Calculating value of $\pi$ independently using integrals.

Its famous integral :) I too researched on this some time before.

I found this, quite useful : Integral approximations to π with nonnegative integrands.

From wolfram I get this:

Backhouse (1995) used the identity $$\begin{aligned}I_{m, n} &= \int_{0}^{1}\frac{x^{m}(1 - x)^{n}}{1 + x^{2}}\,dx\\ &= 2^{-(m + n + 1)}\sqrt{\pi}\Gamma(m + 1)\Gamma(n + 1)\times{}_{3}F_{2}\left(1, \frac{m + 1}{2}, \frac{m + 2}{2};\frac{m + n + 2}{2}, \frac{m + n + 3}{2}; -1\right)\\ &= a + b\pi + c\log 2\end{aligned}$$ for positive integers $m$ and $n$ and where $a, b$ and $c$ are rational constants to generate a number of formulas for $\pi$. In particular, if $$2m - n \equiv 0\pmod{4}$$ then $c = 0$ (Lucas 2005).

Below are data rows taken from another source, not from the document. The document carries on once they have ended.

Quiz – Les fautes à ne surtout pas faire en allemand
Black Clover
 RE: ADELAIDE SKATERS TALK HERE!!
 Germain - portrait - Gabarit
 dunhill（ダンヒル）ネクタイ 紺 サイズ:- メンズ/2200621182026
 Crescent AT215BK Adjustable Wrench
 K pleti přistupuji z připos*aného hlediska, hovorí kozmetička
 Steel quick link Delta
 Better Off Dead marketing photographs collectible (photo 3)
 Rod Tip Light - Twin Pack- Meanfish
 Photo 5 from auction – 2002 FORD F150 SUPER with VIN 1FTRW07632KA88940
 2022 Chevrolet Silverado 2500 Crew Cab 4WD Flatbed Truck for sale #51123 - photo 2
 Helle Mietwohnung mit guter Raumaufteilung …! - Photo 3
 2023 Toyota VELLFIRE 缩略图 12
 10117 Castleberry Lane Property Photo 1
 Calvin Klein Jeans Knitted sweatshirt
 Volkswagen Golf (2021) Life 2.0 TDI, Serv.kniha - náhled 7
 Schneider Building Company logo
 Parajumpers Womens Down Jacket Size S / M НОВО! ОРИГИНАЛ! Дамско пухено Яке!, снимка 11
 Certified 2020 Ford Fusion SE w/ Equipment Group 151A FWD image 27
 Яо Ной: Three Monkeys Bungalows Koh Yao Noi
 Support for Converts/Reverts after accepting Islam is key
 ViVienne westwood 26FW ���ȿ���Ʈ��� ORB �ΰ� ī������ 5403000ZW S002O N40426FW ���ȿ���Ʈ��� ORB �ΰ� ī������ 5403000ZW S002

This integral has a series equivalent

$$\frac{22}{7}-\pi=\sum_{k=1}^\infty \frac{240}{(4k+1)(4k+2)(4k+3)(4k+5)(4k+6)(4k+7)}$$

More generally, $$\sum_{k=m}^\infty \frac{240}{(4k+1)(4k+2)(4k+3)(4k+5)(4k+6)(4k+7)}=\int_0^1 \frac{x^{4m}(1-x)^4}{1+x^2}dx$$

which gives closer rational approximations to $\pi$ by adding more terms of the summation.

https://math.stackexchange.com/a/1657416/134791

A similar result is obtained changing the denominator to $\frac{1-x^8}{1-x^2}=1+x^2+x^4+x^6$.

$$ \frac{2\sqrt{2}}{3} \int_0^1 \frac{x^4 (1-x)^4} {1+x^2+x^4+x^6} dx = \frac{20 \sqrt{2}}{9}-\pi$$

Other interesting denominators are $1+x+x^2$, $\frac{1-x^6}{1-x^2}$ and $\frac{1-x^{12}}{1-x^2}$, which lead to approximations involving $\sqrt{3}$ and different exponents in the numerator.